[Start of Attachment]

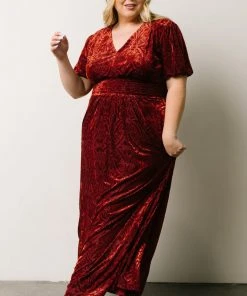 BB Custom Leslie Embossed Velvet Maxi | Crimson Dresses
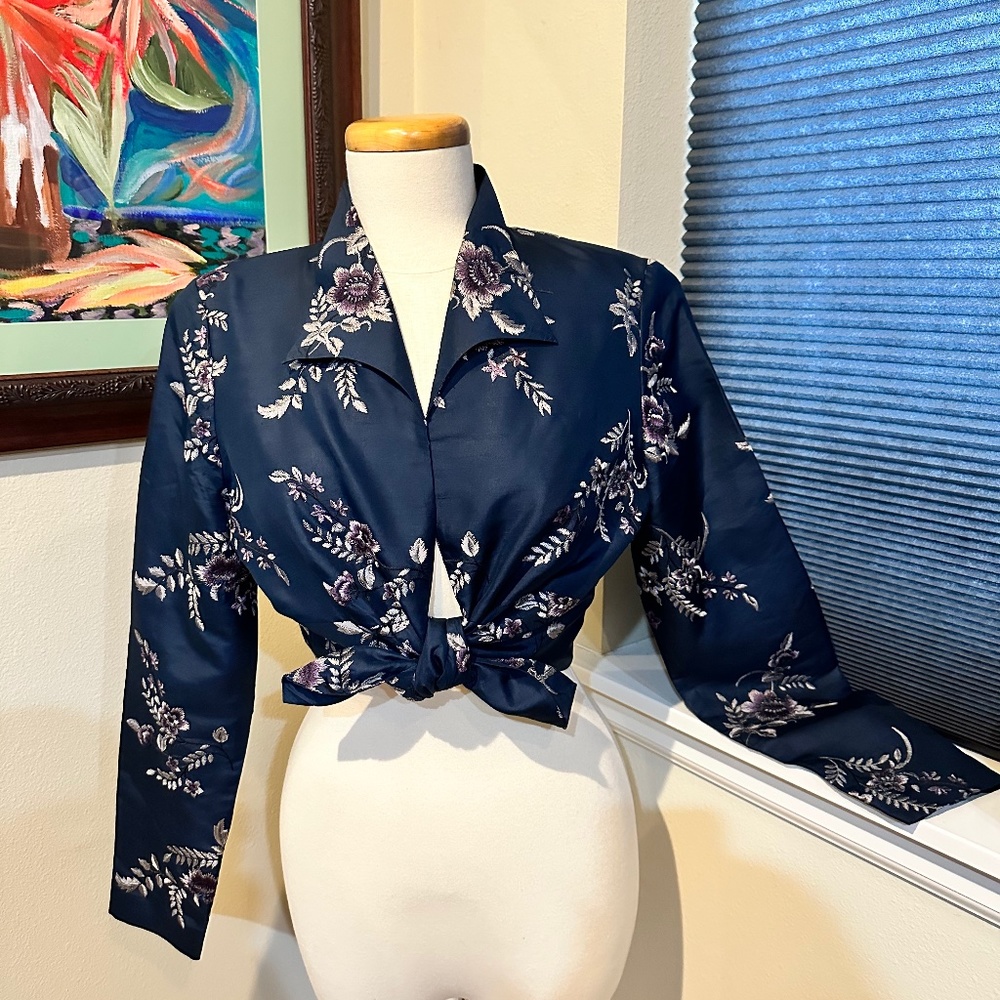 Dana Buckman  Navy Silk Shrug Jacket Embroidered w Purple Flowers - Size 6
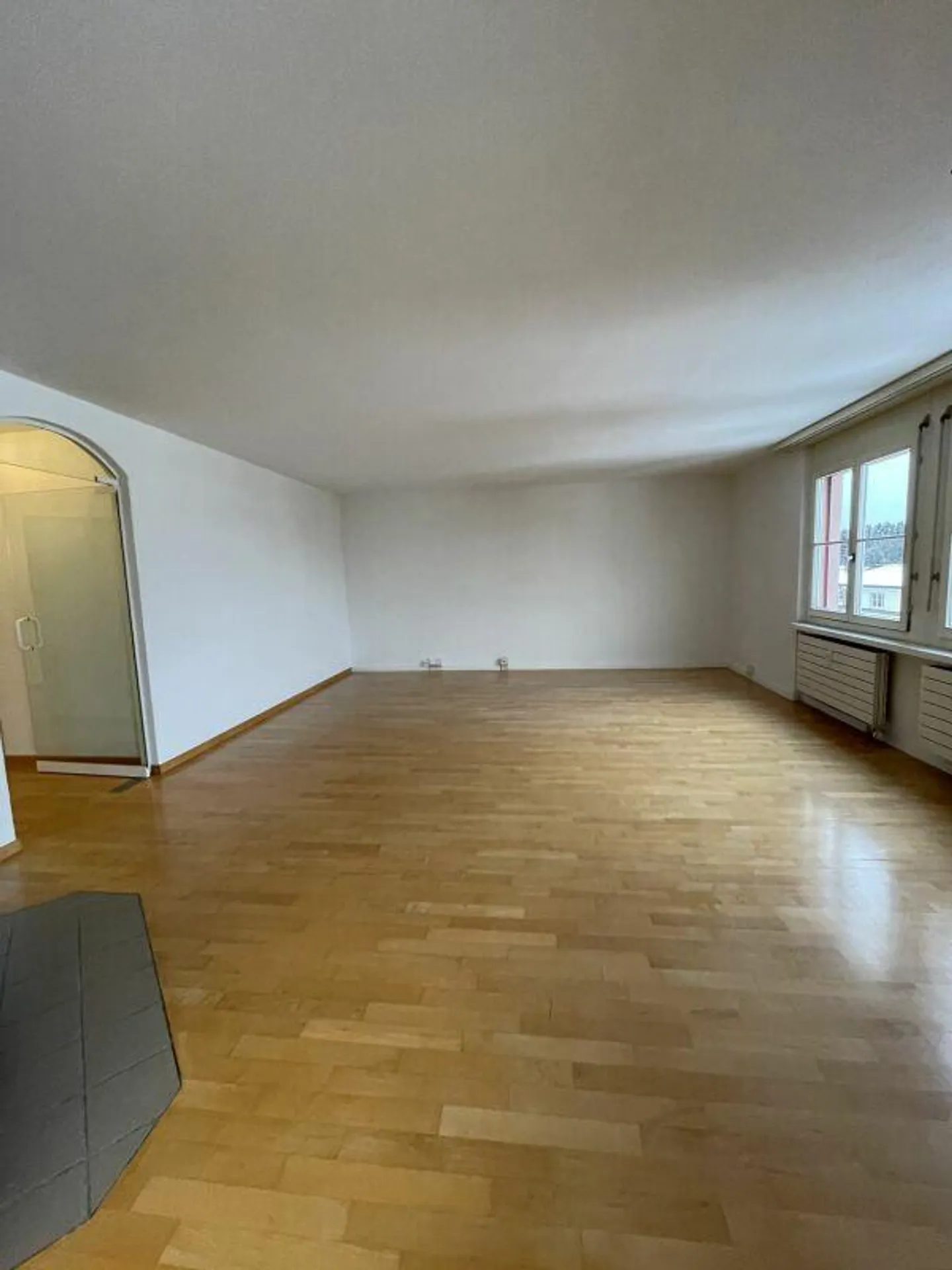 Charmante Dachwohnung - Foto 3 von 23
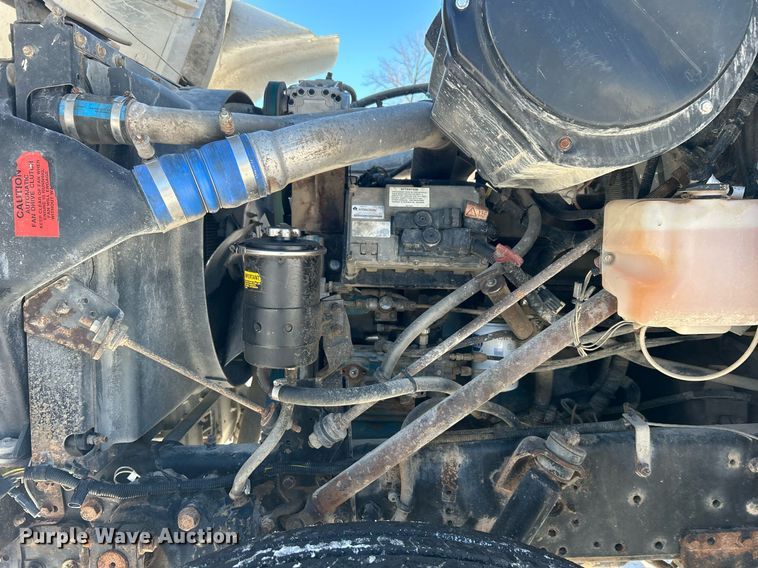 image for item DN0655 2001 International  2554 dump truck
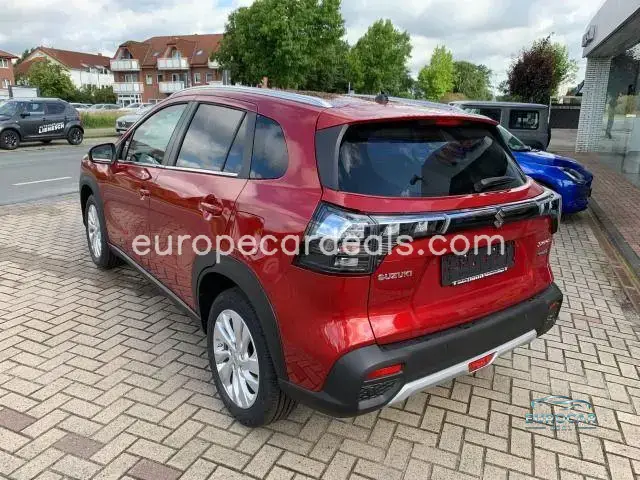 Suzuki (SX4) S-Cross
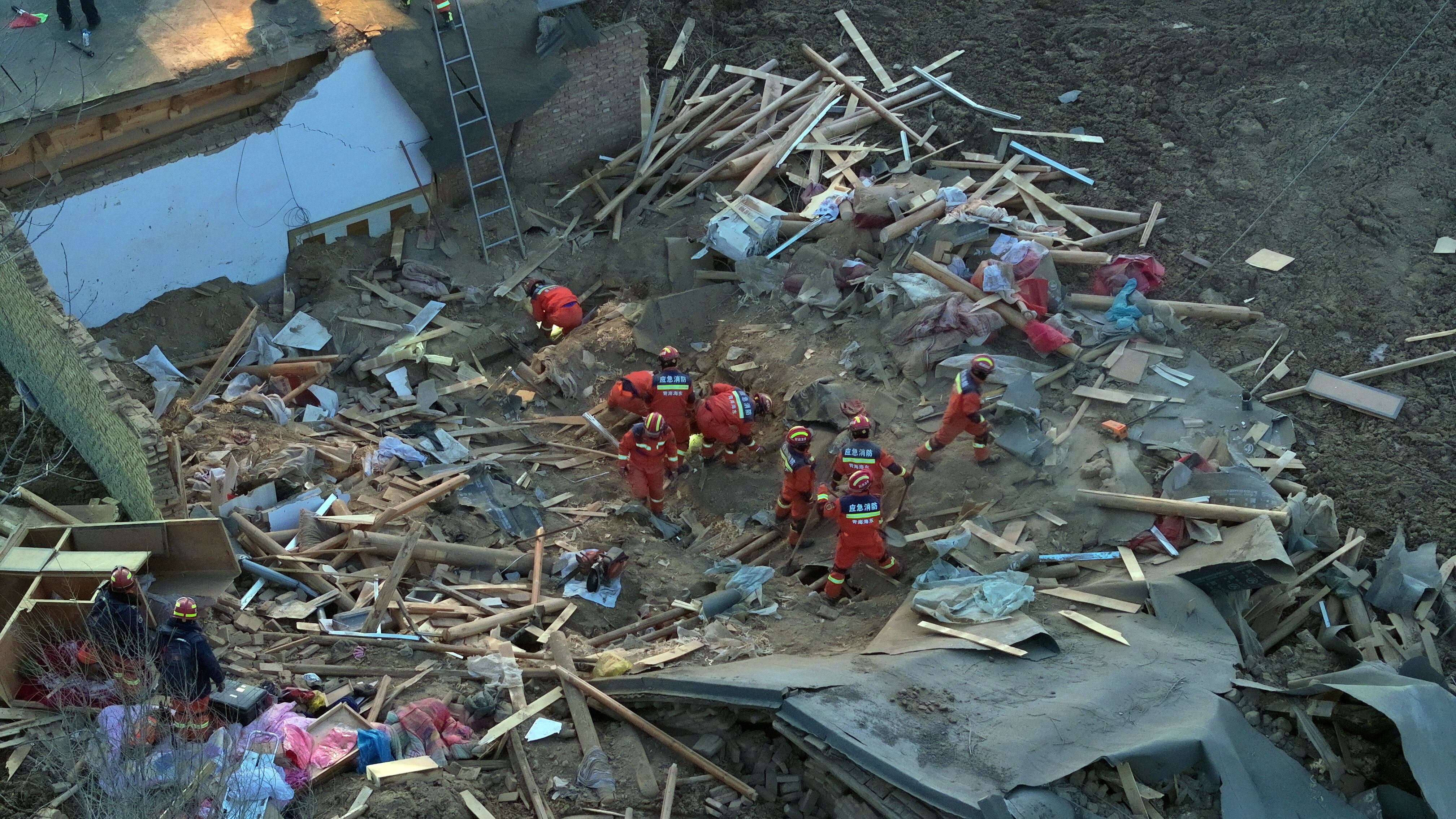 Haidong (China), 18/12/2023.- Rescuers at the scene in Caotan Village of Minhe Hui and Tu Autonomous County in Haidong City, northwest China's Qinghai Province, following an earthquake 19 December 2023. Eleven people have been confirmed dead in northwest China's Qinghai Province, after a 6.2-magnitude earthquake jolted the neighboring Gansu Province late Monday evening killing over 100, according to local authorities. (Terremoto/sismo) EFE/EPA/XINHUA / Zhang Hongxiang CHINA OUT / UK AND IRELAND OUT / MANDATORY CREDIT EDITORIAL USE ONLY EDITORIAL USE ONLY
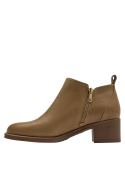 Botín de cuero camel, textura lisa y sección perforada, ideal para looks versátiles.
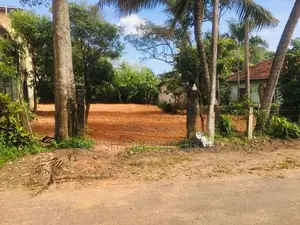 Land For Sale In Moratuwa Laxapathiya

[End of Attachment]

→ Exercise:
The line containing "Botín de cuero" marks the end: copy exactly every line from the start of the records up to and including it, leaving out the pictures.

→ Answer below:
 BB Custom Leslie Embossed Velvet Maxi | Crimson Dresses
 Dana Buckman  Navy Silk Shrug Jacket Embroidered w Purple Flowers - Size 6
 Charmante Dachwohnung - Foto 3 von 23
 image for item DN0655 2001 International  2554 dump truck
 Suzuki (SX4) S-Cross
 Haidong (China), 18/12/2023.- Rescuers at the scene in Caotan Village of Minhe Hui and Tu Autonomous County in Haidong City, northwest China's Qinghai Province, following an earthquake 19 December 2023. Eleven people have been confirmed dead in northwest China's Qinghai Province, after a 6.2-magnitude earthquake jolted the neighboring Gansu Province late Monday evening killing over 100, according to local authorities. (Terremoto/sismo) EFE/EPA/XINHUA / Zhang Hongxiang CHINA OUT / UK AND IRELAND OUT / MANDATORY CREDIT EDITORIAL USE ONLY EDITORIAL USE ONLY
 Botín de cuero camel, textura lisa y sección perforada, ideal para looks versátiles.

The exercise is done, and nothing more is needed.